Acute pain experience in individuals with autism spectrum disorders: a review.
Autistic people are not pain-proof—lab and hospital data show normal or heightened pain even when parents report under-reaction.
01Research in Context
What this study did
The author gathered every paper that had looked at pain in people with autism. The search pulled in parent reports, doctor notes, lab tests, and hospital charts.
No new kids were tested. Instead, the team compared what different studies said about how autistic people feel pain.
What they found
Parents often said their child did not seem to feel pain. Yet lab studies and hospital records showed normal or even stronger pain reactions.

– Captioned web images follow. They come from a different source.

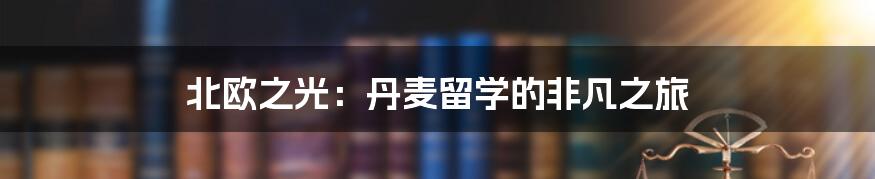 北欧之光：丹麦留学的非凡之旅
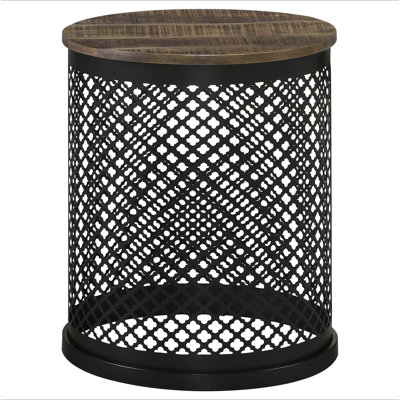 Natural and Black Drum Base Accent Table
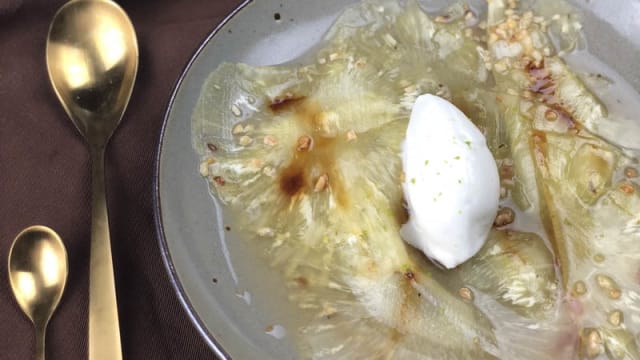 Carpaccio d'ananas, sorbet Yaourt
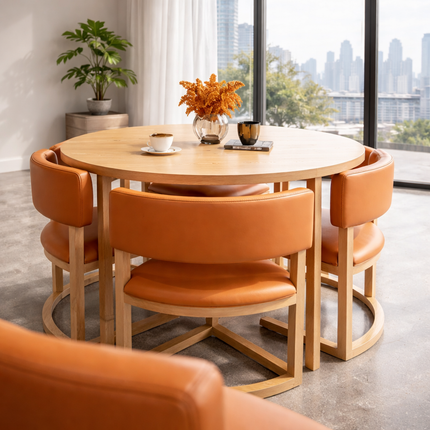 Nordelyn Round Wooden Dining Table Scandinavian Japandi Minimalist Design Natural Wood Dining Table for Dining Room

No clear pattern of high or low pain sensitivity appeared across all studies. The review says we cannot assume autistic people are pain-insensitive.
How this fits with other research
Cascio et al. (2008) ran a lab test and found autistic adults felt heat pain sooner than controls. This matches the review’s point that lab data show normal or heightened pain.
Matson et al. (2008) watched kids during blood draws. Observers rated pain higher when kids showed more face grimaces, not when they knew the child had autism. This supports the review’s warning that stereotypes can mislead.
Fründt et al. (2017) used standardized touch tests and found no broad threshold differences, echoing the review’s conclusion that pain sense is not globally altered.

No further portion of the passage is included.